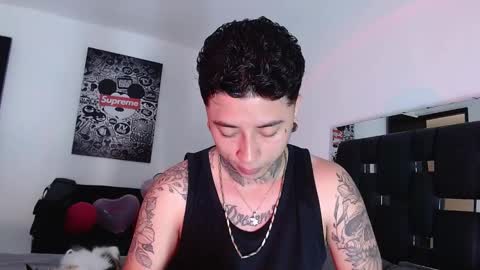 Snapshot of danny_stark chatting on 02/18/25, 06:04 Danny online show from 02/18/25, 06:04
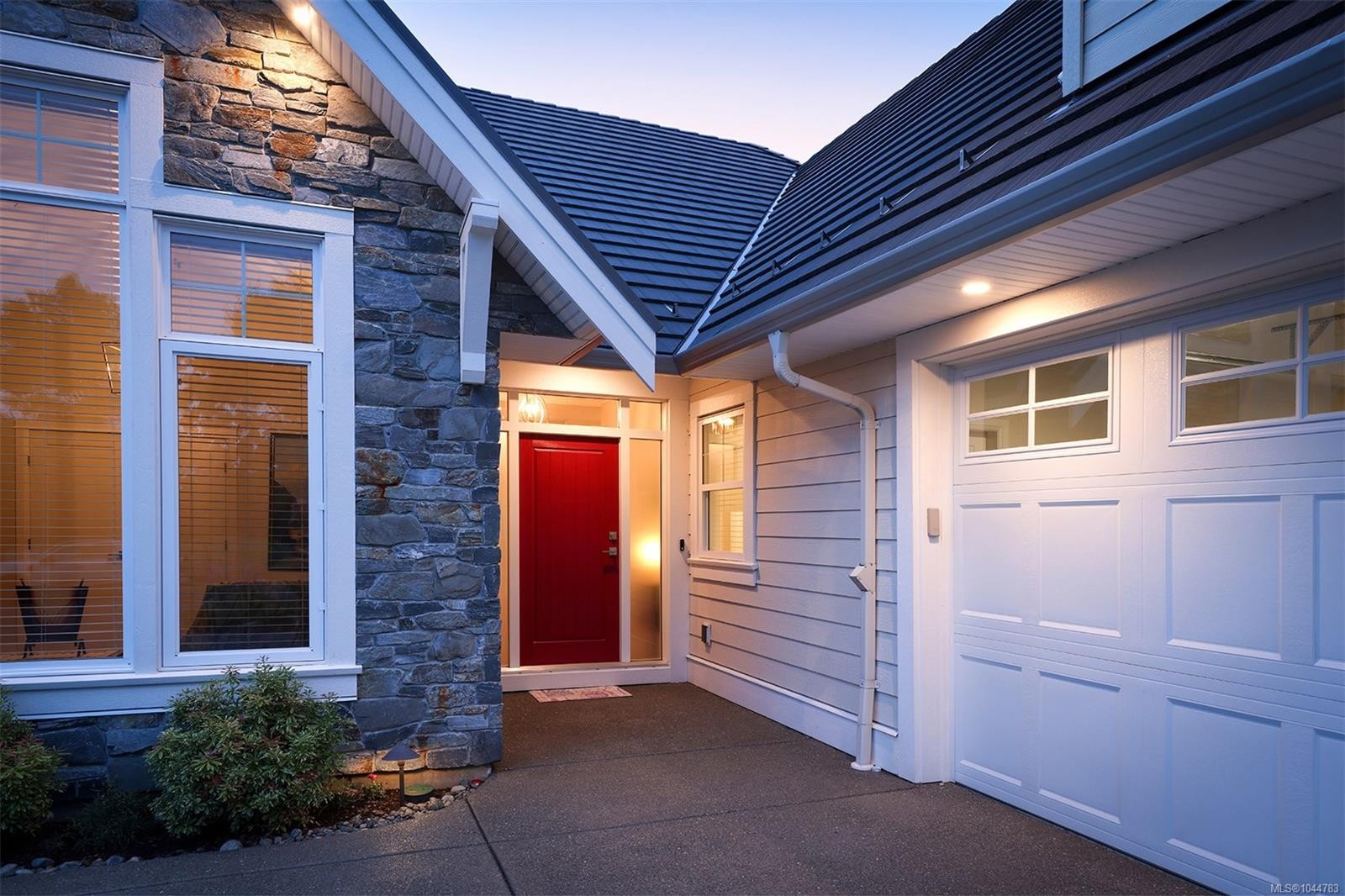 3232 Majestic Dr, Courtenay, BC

* * *

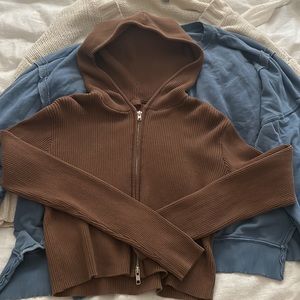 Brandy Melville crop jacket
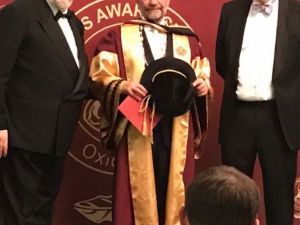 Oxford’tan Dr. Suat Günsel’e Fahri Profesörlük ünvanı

• [Goal of the exercise]: Output only the lines above from the line that holds "Brandy Melville crop jacket" through the line that holds "Oxford’tan Dr. Suat", both ends included, and exclude pictures.

• [Solved exercise]:
 Brandy Melville crop jacket
 Oxford’tan Dr. Suat Günsel’e Fahri Profesörlük ünvanı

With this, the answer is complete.